Abstract:
An internal bypass filtration circuit including a microfine depth filtration cartridge, which operates in combination with the sump filter of an automatic transmission is disclosed. The present depth filtration cartridge functions to remove particulate matter as small as five microns to improve fluid cleanliness level without restricting fluid flow to the pump ensuring its volumetric efficiency. In one embodiment transmission fluid passes through a calibrated orifice in the bypass circuit to regulate flow to the depth filtration cartridge. In an alternate embodiment the depth filter media itself regulates filtration below a predetermined fluid pressure. The internal bypass circuit is installed by accessing a pressurized fluid circuit in the transmission valve body. A hydraulic bypass line interconnects such pressurized fluid circuit with the depth filtration cartridge, which is mounted internally of the transmission housing. The outlet of the depth filtration cartridge exhausts directly into the sump bypassing all other functional circuits.

Description:
CROSS-REFERENCE TO RELATED APPLICATION 
     This application claims the benefit under 35 U.S.C. 119(e) of U.S. Provisional Patent Application No. 60/817,283 filed Jun. 28, 2006 entitled, Internal Bypass Filtration Circuit. 
    
    
     BACKGROUND OF INVENTION 
     The present invention relates to automatic transmissions for land vehicles and, more particularly, to an internal bypass filtration circuit for such automatic transmissions. For purposes of this application the term “internal” refers to a physical location (i.e. a space or cavity) inside a transmission and is not be confused with terminology such as “filter with an internal by-pass”. The latter terminology refers to a common feature of a hydraulic filter element wherein if oil flow through the filter element becomes restricted, then an internal by-pass mechanism or passage within the filter opens and allows the oil to by-pass the filter element and keeps the oil circuit functioning. 

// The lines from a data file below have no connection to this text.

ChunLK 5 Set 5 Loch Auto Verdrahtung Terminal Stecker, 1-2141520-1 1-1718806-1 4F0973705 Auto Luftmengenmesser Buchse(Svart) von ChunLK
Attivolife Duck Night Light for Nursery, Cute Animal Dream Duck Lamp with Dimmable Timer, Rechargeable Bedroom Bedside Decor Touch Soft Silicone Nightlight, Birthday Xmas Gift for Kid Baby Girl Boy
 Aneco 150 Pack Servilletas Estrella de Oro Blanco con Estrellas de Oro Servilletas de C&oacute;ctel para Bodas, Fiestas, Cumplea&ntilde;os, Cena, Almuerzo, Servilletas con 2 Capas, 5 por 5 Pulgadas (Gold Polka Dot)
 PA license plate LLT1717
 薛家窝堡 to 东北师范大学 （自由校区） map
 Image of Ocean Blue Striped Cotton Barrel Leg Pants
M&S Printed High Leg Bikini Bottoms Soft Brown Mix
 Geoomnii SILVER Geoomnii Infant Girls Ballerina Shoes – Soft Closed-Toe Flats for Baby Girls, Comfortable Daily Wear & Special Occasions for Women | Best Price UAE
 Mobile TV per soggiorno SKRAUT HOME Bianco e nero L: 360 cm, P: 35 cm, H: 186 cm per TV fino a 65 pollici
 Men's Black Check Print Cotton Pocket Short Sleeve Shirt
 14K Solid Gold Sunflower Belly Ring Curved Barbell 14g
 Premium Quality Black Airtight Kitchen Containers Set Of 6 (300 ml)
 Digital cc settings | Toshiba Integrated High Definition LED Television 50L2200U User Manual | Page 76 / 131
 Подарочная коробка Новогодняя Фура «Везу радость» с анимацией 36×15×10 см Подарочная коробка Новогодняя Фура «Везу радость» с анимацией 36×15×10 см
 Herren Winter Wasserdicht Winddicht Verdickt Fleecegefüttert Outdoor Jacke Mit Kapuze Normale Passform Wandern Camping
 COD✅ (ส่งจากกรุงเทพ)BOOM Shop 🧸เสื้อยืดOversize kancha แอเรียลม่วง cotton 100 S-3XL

     Maintaining automatic transmission fluid (hereinafter “ATF”) in a clean condition free of particulates and contamination is critical to the proper function of an automatic transmission. Contamination of ATF is of particular concern to the automatic transmission rebuilding industry where there is a general trend toward achieving increased service longevity from remanufactured automatic transmissions. However, recent industry data is confirming exponentially higher contamination levels in remanufactured units due to various contributing factors and, accordingly, there is a need for increased filtration efficiency in such remanufactured transmissions. 
     Most automatic transmissions and transaxles use a standard wet sump system wherein ATF drains by gravity into the pan and the pump takes it up directly and discharges it to the hydraulic system. In a typical automotive application an ATF sump filter is submerged in the pan in fluid communication with the transmission pump. As the pump rotates ATF is drawn from the sump and through the filter by vacuum into the suction port of the pump. 
     Pumps in automatic transmission hydraulic systems are typically positive displacement pumps driven at engine speed. A positive displacement pump is one, which has the same output per revolution regardless of pump speed or pressure already developed in the system. Given the continuous flow requirements of the hydraulic system, a consistent flow of ATF through the filter to the pump is critical to proper lubrication and function of the transmission. 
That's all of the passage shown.